これは、レバレッジ取引に関わる全ての参加者を守るための、極めて重要なリスク管理の仕組みなのです。
その目的は大きく二つあります。
第一に、「証券会社の保護」です。
信用取引やFXは、投資家が証券会社から資金や株式を借りて行う取引です。
もし投資家の損失が拡大し続け、預かっている保証金だけではカバーしきれなくなった場合、その超過した損失は証券会社が負担することになります。
このような事態を防ぎ、証券会社が貸し付けた資金を確実に回収できるようにするため、保証金が一定水準を下回った時点で追加の担保を要求するのです。
第二に、「投資家の保護」です。
追証が発生するということは、投資家の損失が当初預けた資金に対して危険な水準まで拡大していることを示す警告シグナルです。

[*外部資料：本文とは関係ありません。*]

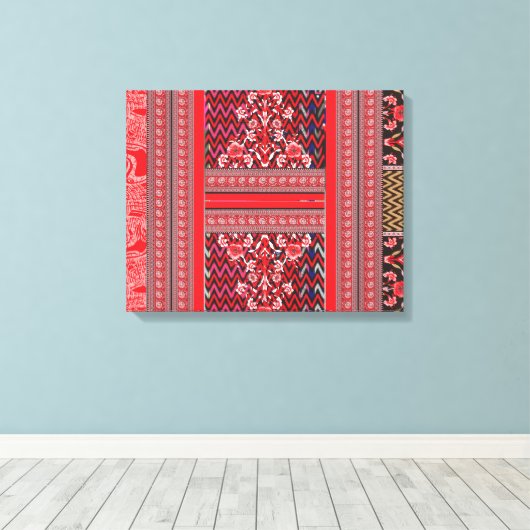 Een rood-zwart schilderij met een rood hart erop canvas afdruk (Insitu (Houten vloer))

もしこの制度がなければ、投資家は気づかぬうちに損失を膨らませ続け、最終的には元本を大きく超える借金を背負ってしまう可能性があります。
追証は、そうなる前に投資家に対して「これ以上は危険です」と知らせ、ポジションを見直す機会を与えるセーフティネットの役割も果たしているのです。
このように、追証はレバレッジ市場の安定性を維持し、過度なリスクから投資家と証券会社双方を守るための、不可欠な制度と言えます。
追証と混同しやすい用語との違い
追証の周辺には、「ロスカット」や「不足金」といった、似たような状況で使われる言葉が存在します。
これらを正確に区別して理解することは、冷静な判断を下す上で非常に重要です。
追証 vs ロスカット:似て非なる二つの強制決済
追証とロスカットは、どちらも損失が拡大した際に発生する仕組みですが、その性質は全く異なります。
最大の違いは、「投資家の意思が介在する余地があるかどうか」です。
追証は、証券会社から「保証金が不足しています。
期限までに追加で入金するか、ポジションを決済してください」という、いわば「警告」であり「要求」です。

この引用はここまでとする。